The oil and gas industry has had a notoriously challenging time of late, with the prices of oil plummeting and causing many firms to tighten their belts. However, offshore exploration is providing a much-needed bright spot for the sector, with an increasing number of governments becoming more accommodating.
In the past week, it has been revealed that there are big changes afoot for Brazil’s petroleum laws. Shell has already begun to move on this opportunity with the announcement that it will be going ahead with an 8 billion barrel Libra pre-salt field development in the country. The shift towards a 100 per cent foreign ownership stake is having wider effects too. For example, Petrobras Chief Executive Pedro Parente revealed that he has already begun receiving correspondence from international firms looking for opportunities opened up by the legal change.
However, it’s not only governments that are actively letting go of their assets, but also some of the major exploration and production (E&P) firms. For example, it has been reported that Chevron is looking to make $2 billion from the sale of its Bangladeshi assets. The fields mainly consist of natural gas and are extremely strategic as they’re close to Southeast Asia, one of the globe’s best natgas markets. The oil and gas sector could see some interesting changes based on the eventual buyer of these fields, particularly as many firms seem to be increasing the speed at which they acquire offshore assets.
One firm doing this is BHP Billiton, which, as reported by the Australian Financial Review, is expected to be making a large step into offshore developments, primarily focused on the deepwater around Mexico.

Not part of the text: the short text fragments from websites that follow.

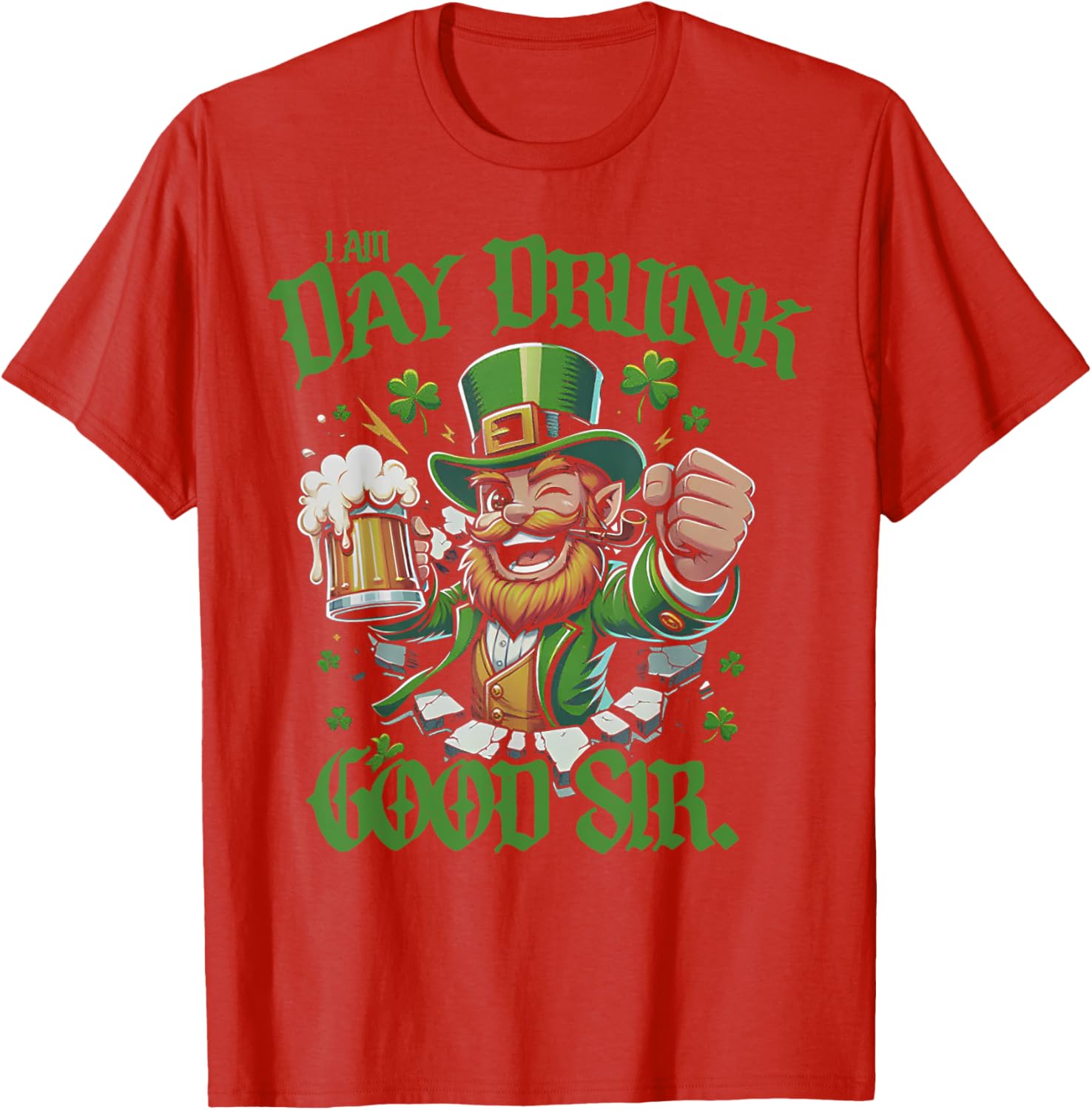 I Am Day Drunk Good Sir Leprechaun Funny T-Shirt for Fun Lovers - 7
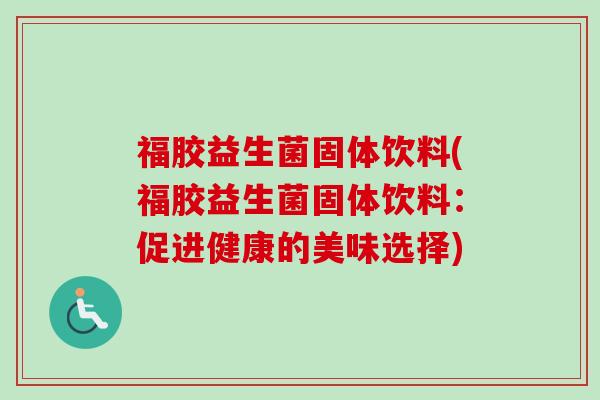 福胶益生菌固体饮料(福胶益生菌固体饮料：促进健康的美味选择)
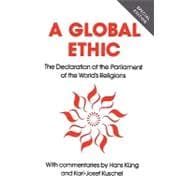 Global Ethic The Declaration of the Parliament of the World's Religions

It’s said that around 50 professionals are currently investigating the geology of the area for BHP to determine whether to go ahead with bids in new and upcoming licensing rounds. If such a bid makes sense, it would move BHP into brand-new territory.
One reason for the increased interest in offshore is the change in cost structure. BHP noted that the economies surrounding deepwater discoveries are positive at the moment, with service costs and drilling expenses dropping. This means that oil prices in the firm’s Mad Dog 2 field, for example, can be priced under $50 per barrel.
Overall, the oil and gas sector remains turbulent as companies find new ways to do business and make operations profitable. However, offshore developments are certainly finding interest, and could be a bright spark for the sector’s future.